Task to carry out – Leave the pictures out and restate every line below exactly.

Given data –

════════

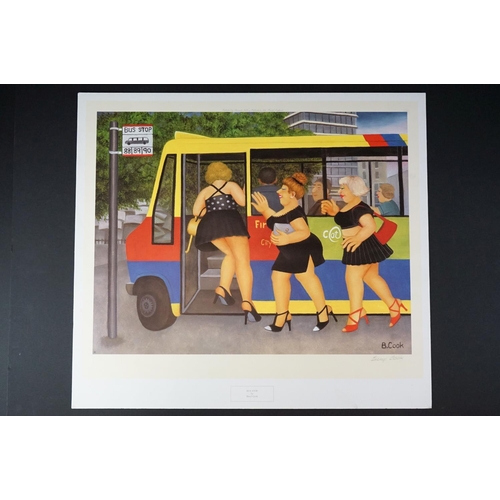 397 - Beryl Cook (1926 - 2008) ' Bus Stop ' Print, signed in pencil to the margin with blind stamp, publis... 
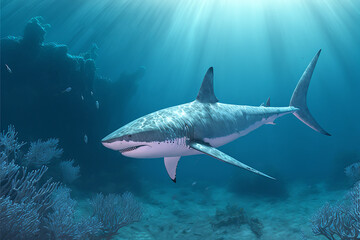 Fototapeta premium Great White Shark Swimming in the Ocean, Digital Illustration, Concept Art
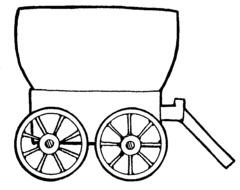 black and white picture of a cart on wheels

════════

Result of this task –
 397 - Beryl Cook (1926 - 2008) ' Bus Stop ' Print, signed in pencil to the margin with blind stamp, publis... 
 Fototapeta premium Great White Shark Swimming in the Ocean, Digital Illustration, Concept Art
 black and white picture of a cart on wheels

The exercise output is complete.